Game of Numbers: RigL at ICLR2020

11 minute read

6 months ago our paper got rejected at ICLR-2020 like many other papers did. At the time I thought of writing about our experience on twitter and then stopped myself from doing that since I didn’t want to be the person who talks about the bad when it happens to themselves as if they are the only one who matters. 2 months later (March 2020), it still felt important to share this experience and I wrote this post, however decided not making online as we were afraid it might affect the reviews for the ICML re-submission. I can see the tone of the writing reflects my disappointment I had at the time. Hope it doesn’t increase your stress levels.

We will present our work at ICML 2020 virtual conference tomorrow: my first first-author conference paper. I am happy… but I was not 3 months ago when ICLR results were out. I would like to share why: RigL @ ICLR.

Our paper is called Rigging the Lottery: Making all Tickets Winners or in short RigL. Erich came up with the title and sometimes when you have the title, it is clear what you need to do. We took on the problem of training sparse neural networks that was observed by many and highlighted by Jonathan in Lottery Ticket Hypothesis. Building on top of the recent work on dynamic sparse training (SET, SNFS, DSR), we showed that it is possible to train sparse neural networks from scratch without the dense parameterization and match or exceed the accuracy of dense-to-sparse methods like pruning. Great experimental results, relatively simple algorithm and fully open-sourced code. We got: 3, 6, 6: Borderline.

Yes, reviews are a bit random; but I would like to say a bit more than that. It is a great thing that all reviews are open and I encourage you to read them all if you have some spare time.
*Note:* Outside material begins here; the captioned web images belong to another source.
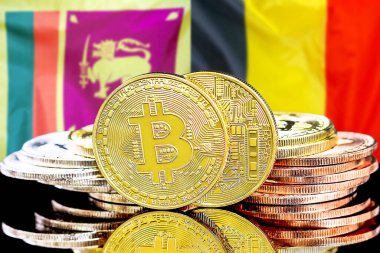 Sri Lanka ve Belçika 'daki kripto para birimi ve engelleme teknolojisi yatırımcıları için kavram. Sri Lanka ve Belçika bayrağının arka planında Bitcoins.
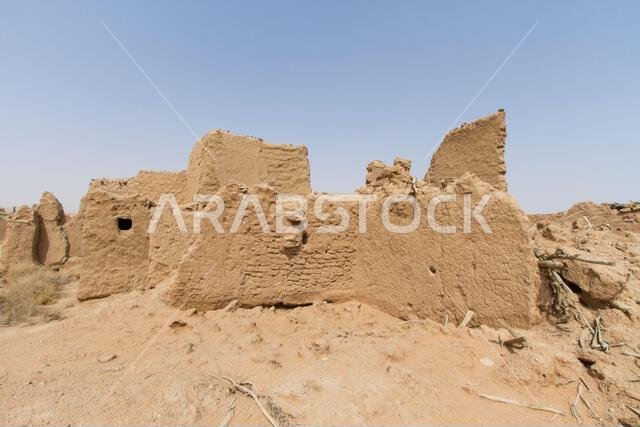 Ruins of ancient arab middle eastern old town built of mud bricks, old mosque with minaret in riyadh, saudi arabia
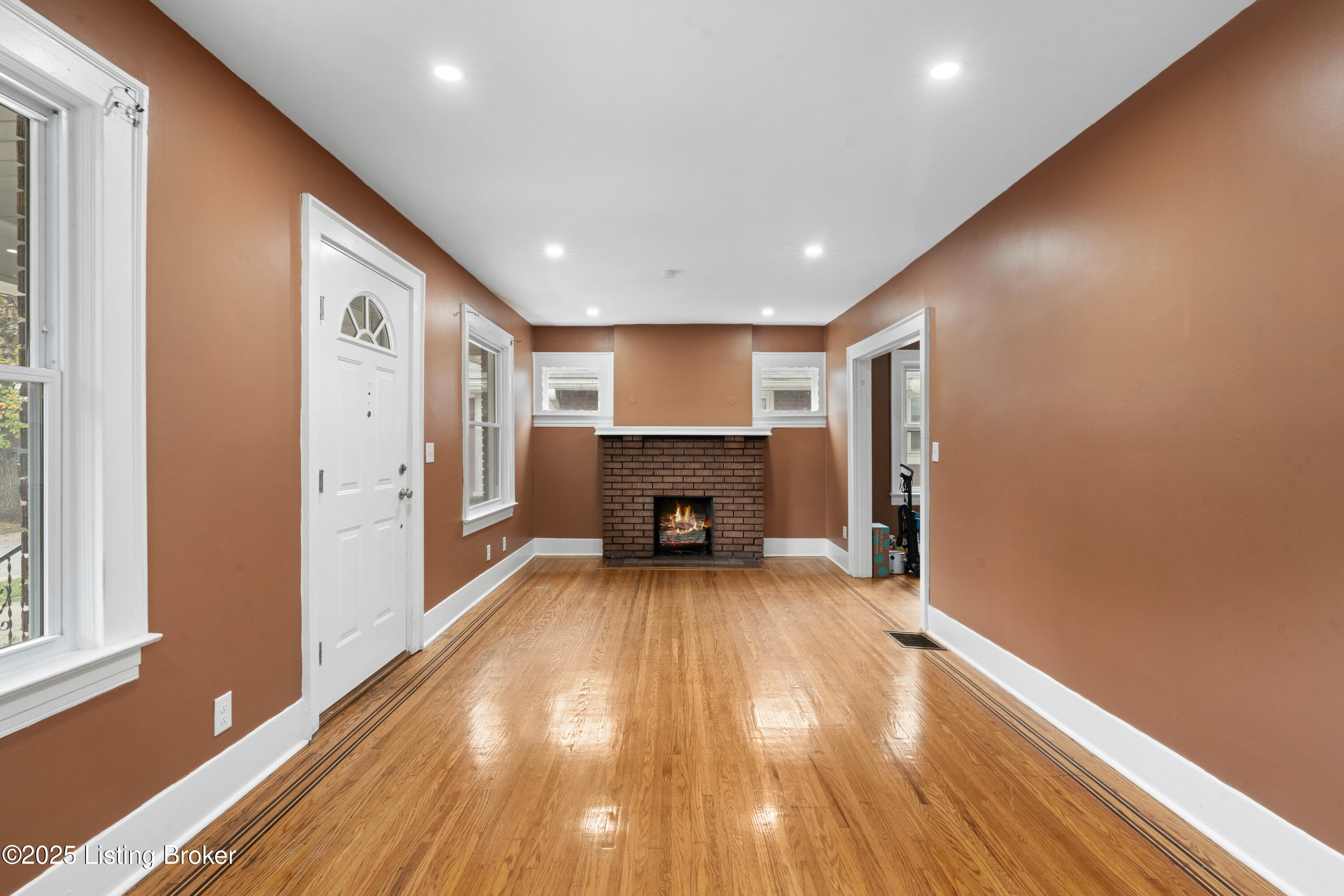 2416 Sherry Road Louisville, KY 40217 - Photo 34 of 45 DSC05407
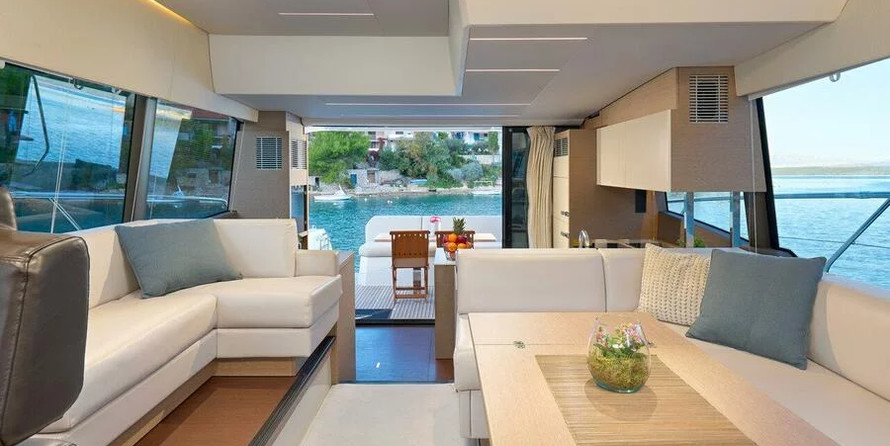 Prestige 520 Flybridge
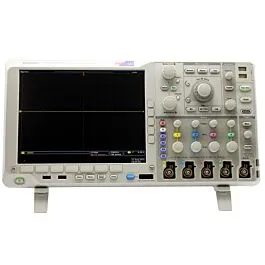 Tektronix MSO4104B osciloskop se smíšeným signálem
In short, we addressed the concerns of reviewers 2 and 3 after the initial review (for which we were given the scores 6 (weak accept)); however they never responded/reacted to our responses and kept their scores as is (this was unfortunate since you need reviewers who want your paper in). We had a long discussion with reviewer 1 which resulted in brand new experiments with 2 new datasets. Later it became clear, that the main reason for the low score given was:

The idea of starting from a small, sparse network and expanding it is not novel. DEN [Yoon et al. 18] proposed the same bottom-up approach with sparsely initialized networks, while they allowed to increase the number of neurons at each layer and focused more on continual learning. The authors should compare the two methods both conceptually and experimentally.
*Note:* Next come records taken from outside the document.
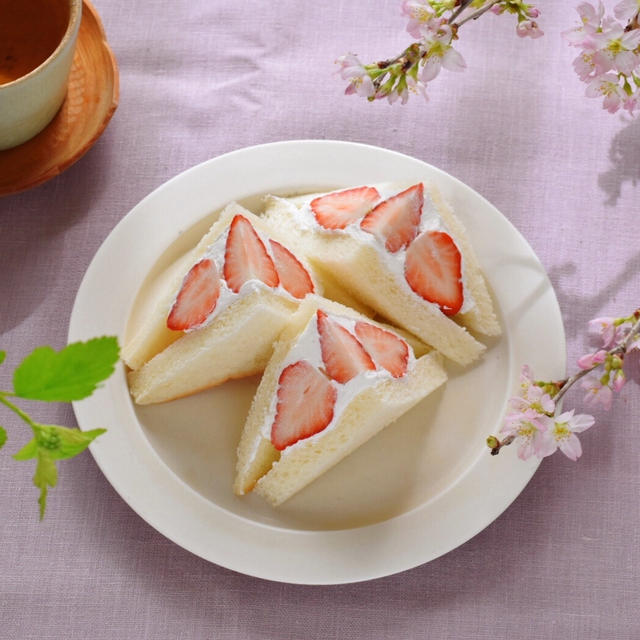 甘酒クリームのいちごサンドでハッピーおやつ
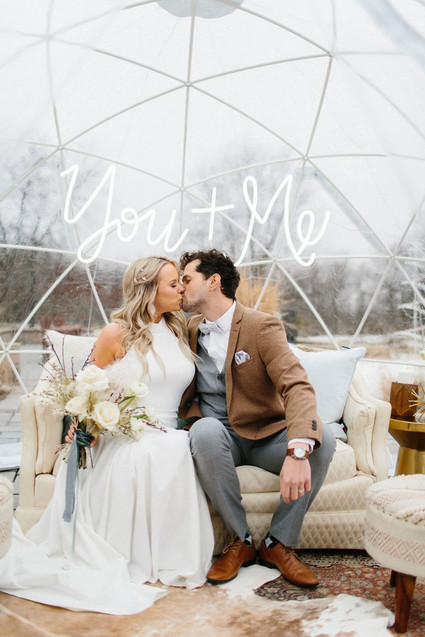 artful winter wedding cake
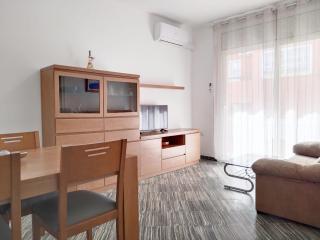 HomeHolidaysRentals Pineda II - 0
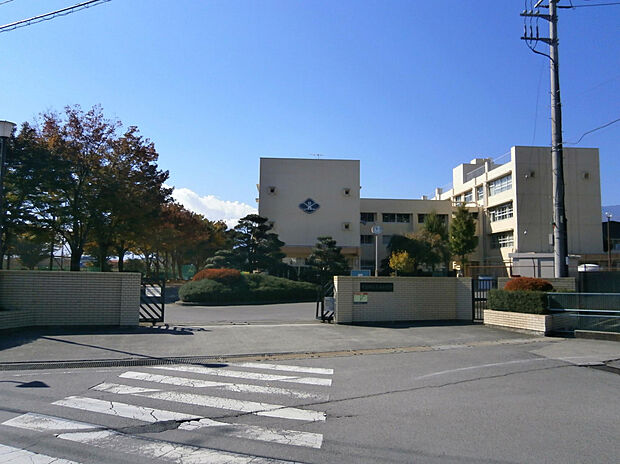 北西中学校（約1,181m）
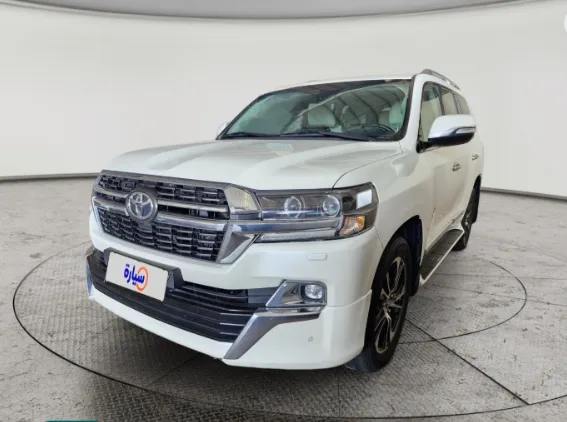 تويوتا لاندكروزر Grand Touring 2021 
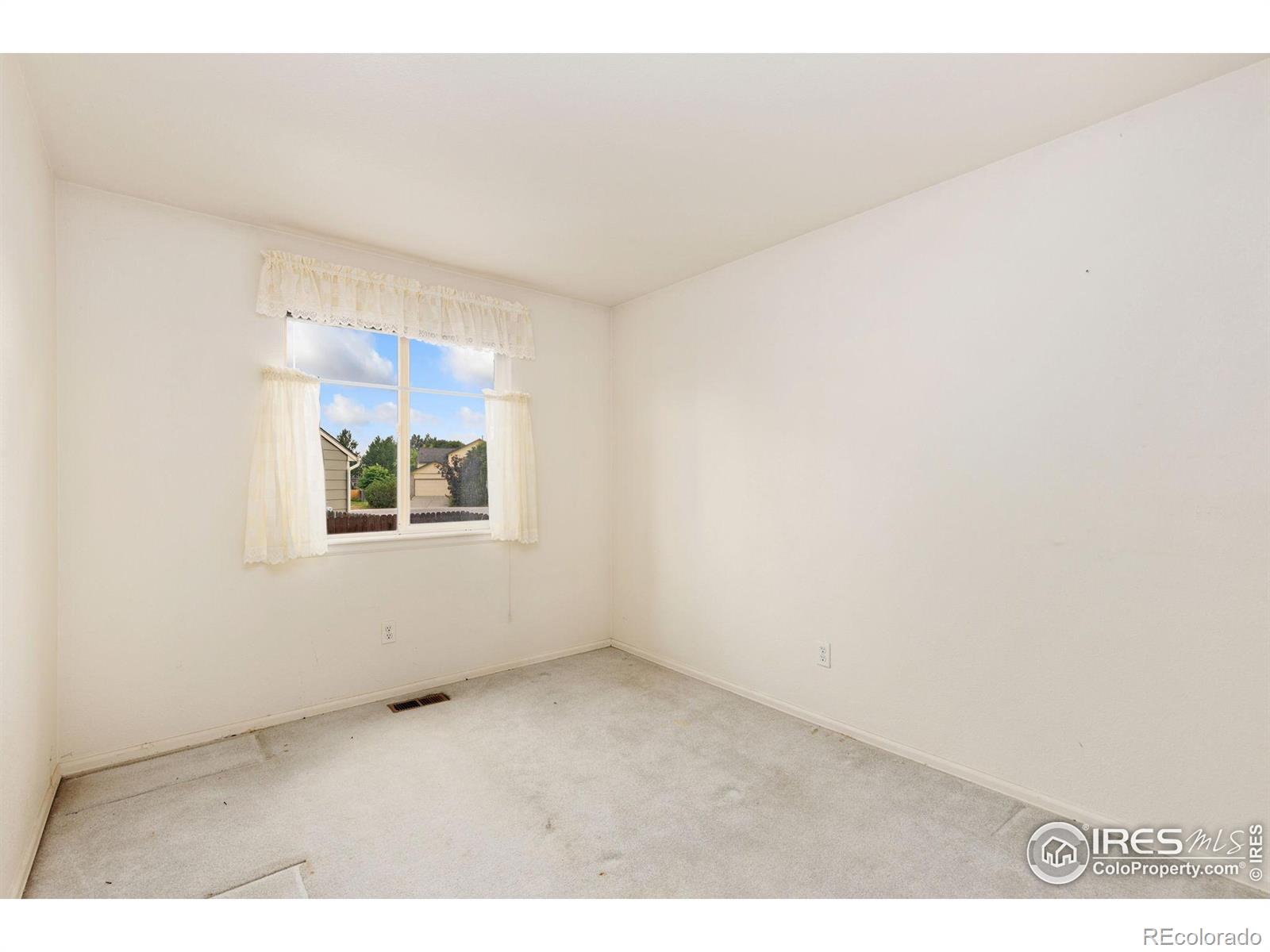 MLS Image #20 for 1326  cedarwood drive,longmont, Colorado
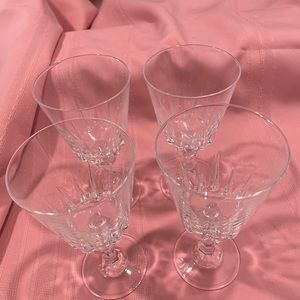 Princess House Esprit Wine Glasses. Excellent condition.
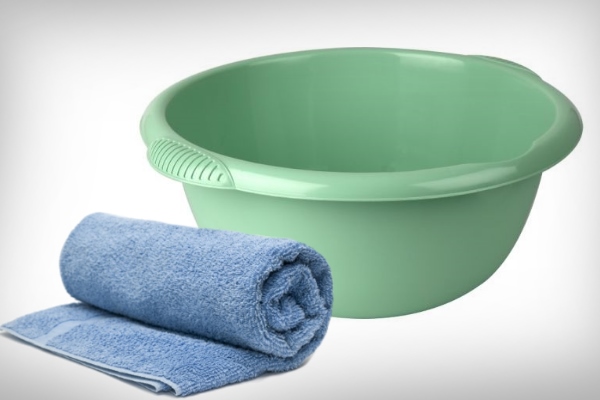 Таз и полотенце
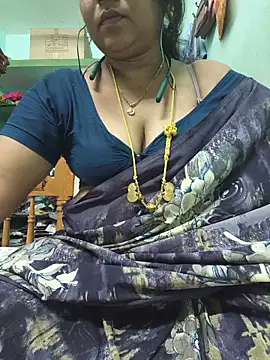 Tamil-kaviya98 online show from 06/12/26, 06:16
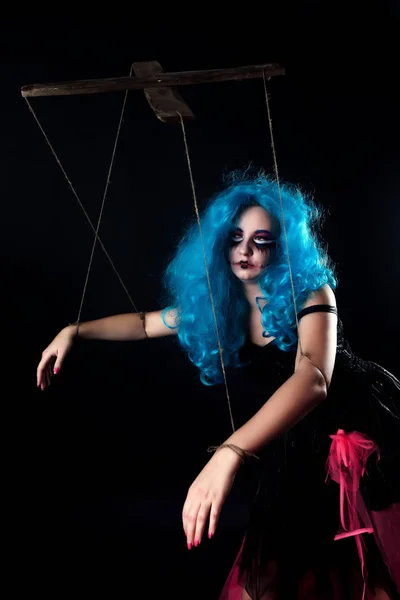 Modelo em forma de boneca fantoche com cordas e tiras — Fotografia de Stock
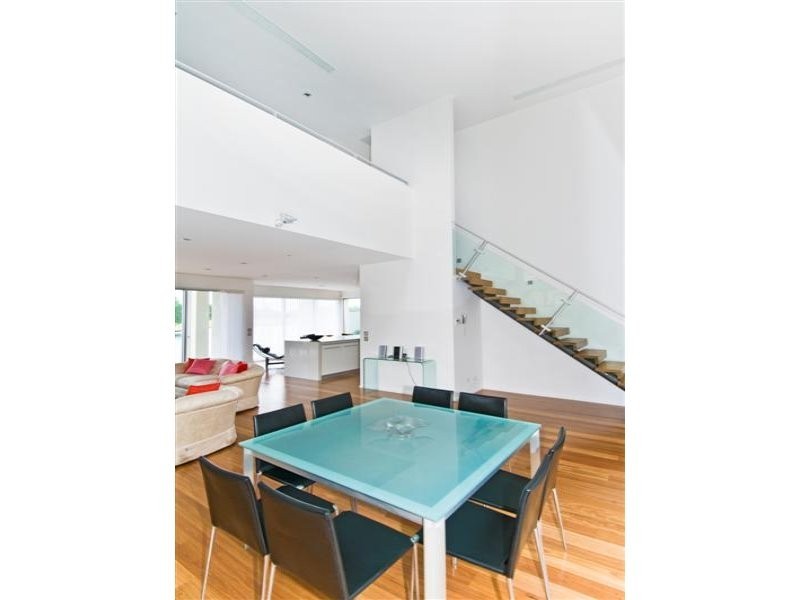 6184 Bolsena Circuit, Hope Island QLD 4212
I was puzzled when I read the DEN paper and I am still puzzled. DEN is a method for continual learning. It uses sparsity to pick a subset of the existing network when a new task is given and the algorithm adds new neurons (i.e. increased #parameters). Continual learning assumes that the training data will arrive at different times and we should learn from the new data/task when available, whilst not forgetting what we already learned. The paper also claims using continual learning they achieve better results at classifying images than the common batch supervised setting. In other words, the computer vision field was doing it all wrong training on all classes at once and not using their method. This claim is big and I couldn’t verify their results since the code provided by the authors only had MNIST training, where we couldn’t see any improvement using DEN over regular multi-class training.

RigL is a method for training sparse networks and the size of the network is constant throughout the training. We responded to the review highlighting that our method does not grow neurons and it is not a continual learning algorithm (which should be obvious), but we got the following response.
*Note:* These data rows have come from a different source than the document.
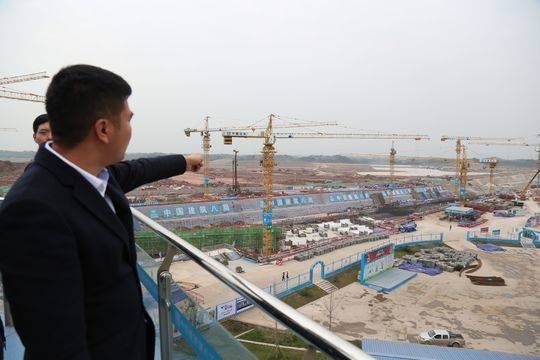 探訪天府國際機(jī)場施工現(xiàn)場 見證蜀道難變?nèi)蛲? title=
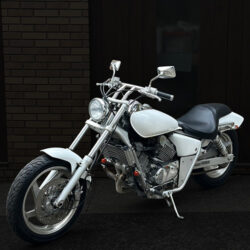 写真：ホンダマグナ250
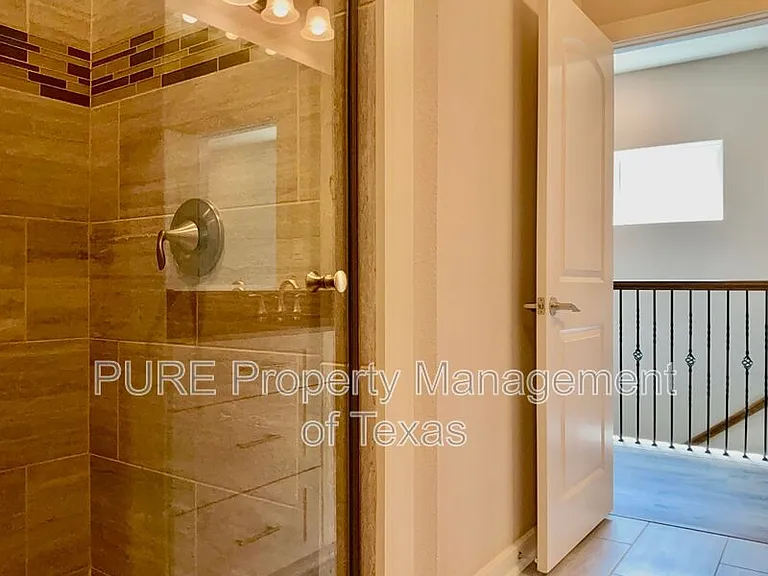 3301 Elija St #B — Photo 14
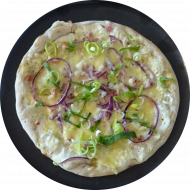 Frisch aus dem Schamotteofen: Pizza 'Prosciutto' mit rohen Schinkenstreifen, feinem Lauch und saurer Sahne (2,19,51,81)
I believe that you could compare against DEN-Finetune with multilayer perceptron as the base network, using the codes provided at the git repository you linked. Timestamped inference should not be an issue with the final finetuned DEN (DEN-Finetune) at all.

Since I do not find the idea of starting with a sparse network and growing it up in a bottom-up manner as novel, as it is already done in DEN, without experimental comparison against it I do not believe that the paper has a sufficient novelty or advantage over it.

Thus I will stick to my original rating of weak reject.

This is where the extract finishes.